The Mahaulepu Heritage Trail is a great coastal hike that takes you from the south east corner of Shipwreck Beach Keonela Bay along sand-dune cliffs, Kiawe trees, limestone formations and rocky inlets that are an occasional safe haven for marine life, such as sea turtles and the endangered Hawaiian Monk Seal. Mahaulepu Beach is remote and rugged and the ocean here is usually rough and more suited for whale watching, beach combing and hiking. This is a sacred sanctuary that needs to be preserved. Tread lightly and leave only footprints behind.
The Moalepe Trail on the East Side of Kauai offers wonderful views of the green jagged ridges of Makaleha and far off ocean views. The trail-head is at the end of the pavement on Olohena Road in the upper Wailua Homesteads.

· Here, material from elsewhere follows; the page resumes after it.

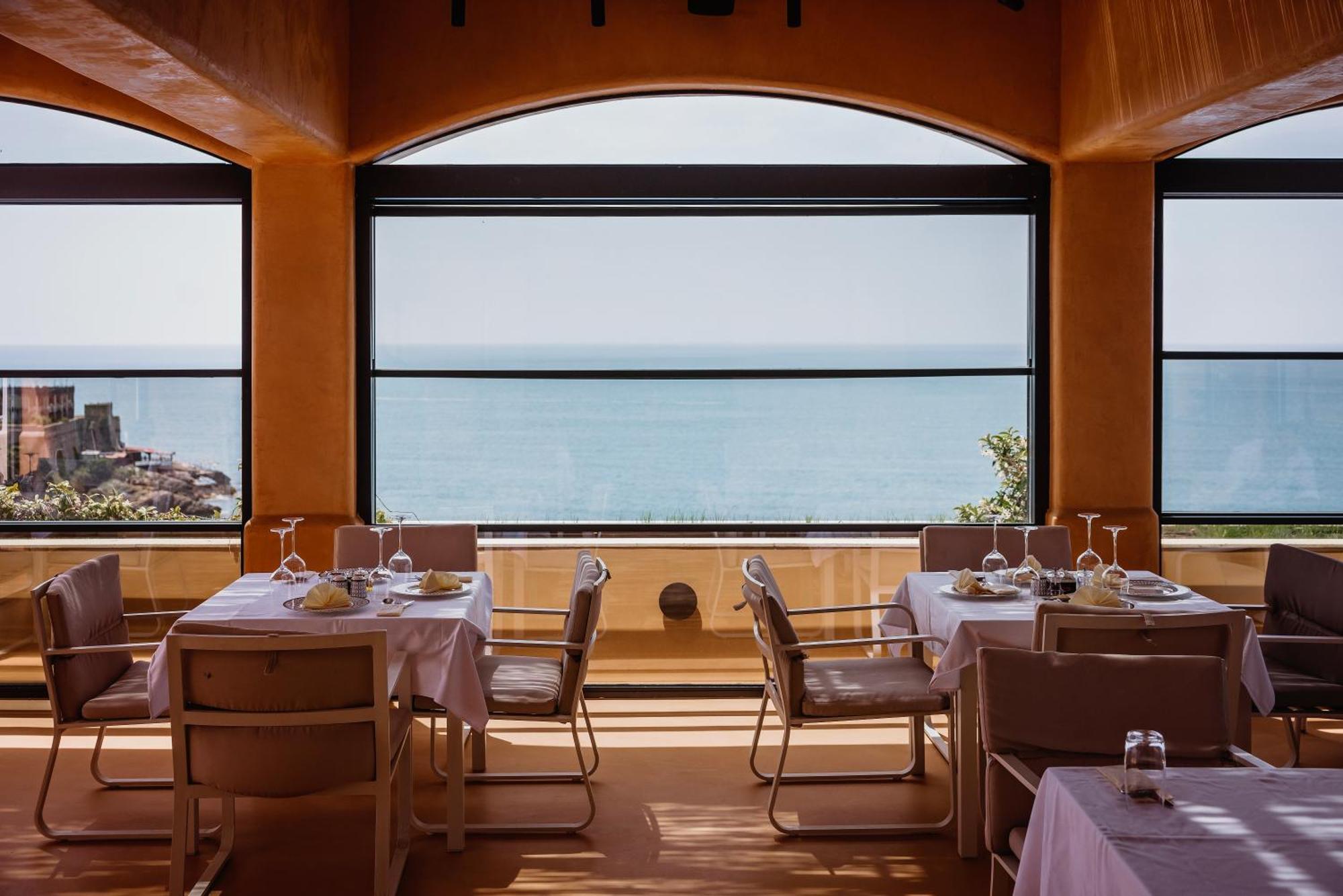 Hotel Maris Улцинь Екстер'єр фото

The fist part of the hike you will enjoy ocean vistas, views of the Anahola Mountains and Kong, and close-up views of the Makaleha Mountain Ridge.
Moalepe Trail enters the Halelea Forest Reserve after about a mile. The Moalepe Trail narrows and becomes dense with foliage and slowly climbs up to the Kuilau Ridge. Keep your camera ready for great photo opportunities. The Moalepe Trail is part of the Na Ala Hele Trail System and is also popular with equestrians and mountain bikers. The hike can be continued along the KuilauTrail if you arrange for a car to meet you on the other side
or Sleeping Giant Hike starts out in a neighborhood known as the Wailua House-lots at the top of Haleilo Road near the water pump station. This east side trail has a rapid elevation gain of 1,000 feet and an ocean-view behind you the entire way up. This trail is drier and will have better footing during a rainy period, than that of the other Sleeping Giant trails is lined with flowering low lined shrubs compared to the shady forested side of the West Kuamoo Trail off Hwy 580. The east side trail will meet up with the west trail at about .25 miles before the top.
“Sleeping Giant Trail” is named so because the shape of the mountain is a giants profile lying down. The hike to the top takes you across the chest of the Sleeping Giant. This is seen more clearly from the Nounou East Side Trail or ocean side of the mountain.